Consider the following scenario where there is an AOS Cluster configured for Services' high availability by following the information published at “Configuring network load balancing for services AX2012” (http://technet.microsoft.com/en-us/library/hh397322.aspx)
The NLB cluster is working fine and suddenly one of the AOS services stops. The rest of Windows Server components in that server are still up and running. The NLB service will still consider the server as available. It will continue sending requests to an AOS Server that remains online but the AOS service is not. This could cause communication errors that could affect user experience.
In order to react to changes on the AOS Service status, we can use the Service’s Recovery tab to automate some management tasks.

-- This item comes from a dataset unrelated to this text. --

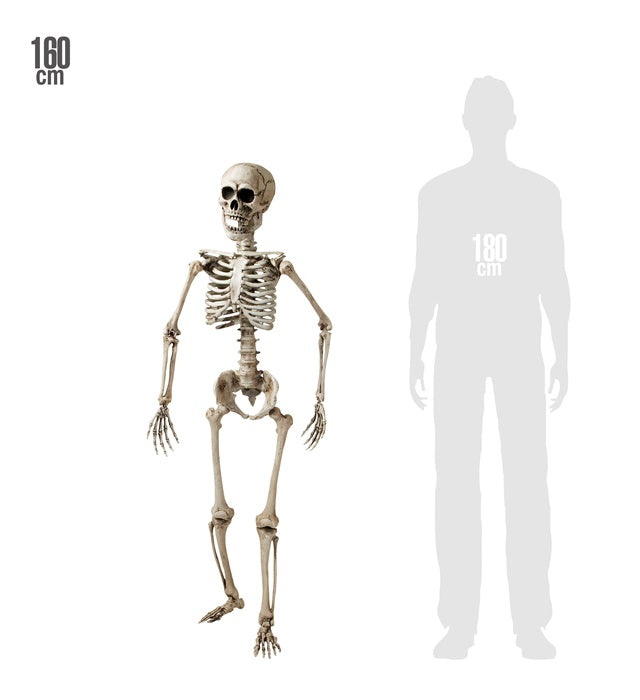 Lebensechtes stehendes Skelett 160 cm als Fasnacht und Halloween Dekoration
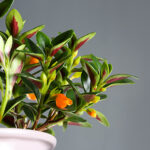Cómo puedes cultivar la planta hanging goldfish en tu hogar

It also permits to use PowerShell scripts that will be run in case of service failure and will stop//remove the AOS Server from the NLB cluster.
Here are presented several ways to "notify" the NLB Cluster and make it aware that the AOS server should be considered as "out of service". We can use Shutdown.exe or Stop-NlbClusterNode commands.

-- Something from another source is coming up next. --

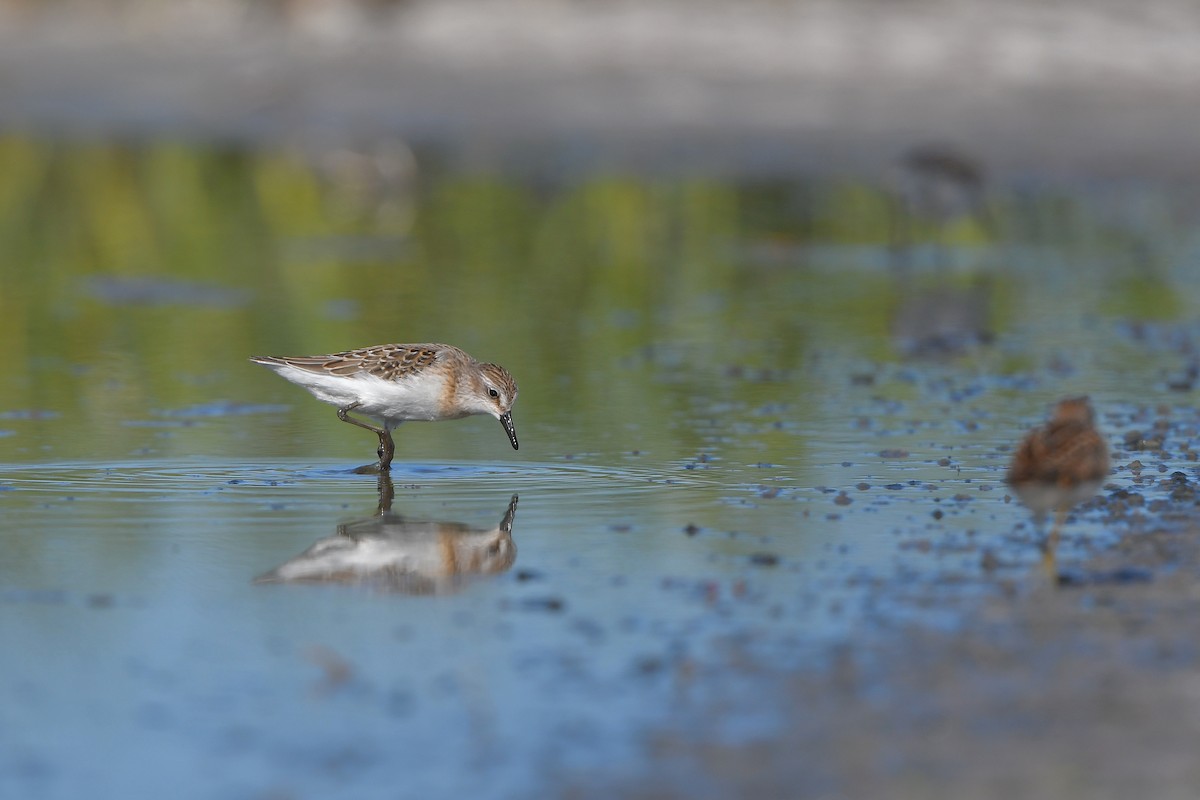 Semipalmated Sandpiper - ML644261642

A. How to Stop/Restart the AOS Server when the service stops?
Use of Shutdown.exe
Open the Services console and go to the AOS Service Properties.

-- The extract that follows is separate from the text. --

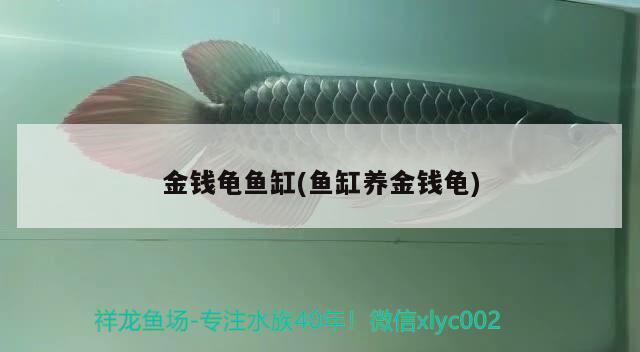 金錢龜魚缸(魚缸養(yǎng)金錢龜) 烏龜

Configure the AOS Service properties within the Recovery tab:
In this example the service will try to:
- Restart the service.
- If the service fails to start, the computer will be restarted.
- And if the AOS Service is not able to start afterwards, it will run a program.
In this case, the “shutdown” command will be run in order to stop the Server completely as the parameter "/s" was used.
This fact will let NLB Service know about the Windows Server node unavailability and will stop sending request to the AOS server.
We could use the parameter “/r” to reboot the server instead. More information on shutdown.exe can be found at http://technet.microsoft.com/en-us/library/cc732503.aspx
Note: The above approach could be valid for some scenarios where platform allows it. It's also important to have an alerting framework in place like SCOM or any other mechanism to notify administrators about the AOS server and service statuses. In scenarios where the server cannot be stopped (there could be additional critical services running), it is possible to manage the NLB by using PowerShell command lets instead, see bellow.
B. How to Stop or Exclude the AOS Server when the service stops?
Use of PowerShell.exe
We need to start by preparing the PowerShell script that will be executed.
In order to stop the NLB traffic to the faulting AOS node we will use Stop-NlbClusterNode command.
In the example we will use StopNLBNode.ps1 that contains only the following statement:
Stop-NlbClusterNode –Hostname AX2012R2A
It is also possible to remove the node completely from the NLB cluster by using the “Remove-NlbClusterNode” command. For more information,TechNet: http://technet.microsoft.com/es-ES/library/hh801262.aspx
Note: The Stop-NlbClusterNode is the cmdlet that stops a node in a Network Load Balancing (NLB) cluster. When the nodes are stopped in the cluster, client connections that are already in progress are interrupted. To avoid interrupting active connections, consider using the Drain parameter, which allows the node to continue servicing active connections but disables all new traffic to that node. From http://technet.microsoft.com/es-ES/library/hh801288.aspx
Note 2: In our case the AOS Service is the core computer role and it has failed. It is possible to proceed without the Drain parameter as there are no active sessions for sure. Consider using the Drain parameter if you plan to use a similar script that may run before the AOS service stops all working sessions, like when it needs to go into admin mode.
In our example, the AOS Service is configured with the following Recovery Options:
- To run a program in all cases.
- The program to run is PowerShell.exe
- Provide the PowerShell script as a command line parameter.
Once set and running, we can force the service failure:
The system will automatically run the powershell script and therefore stop the NLB node:
No more traffic request should be routed now to the stopped NLB Node.
It is important to remember and implement additional administrative tasks needed. Review processes and operations needed once the issue with the AOS is fixed. Otherwise the AOS won’t be accessible by the NLB name or IP address. It can be started manually from the NLB console or managed with PowerShell scripts with Add-NlbClusterNode, Get-NlbClusterNode, Resume-NlbClusterNode, Set-NlbClusterNode, Start-NlbClusterNode, Stop-NlbClusterNode, Suspend-NlbClusterNode.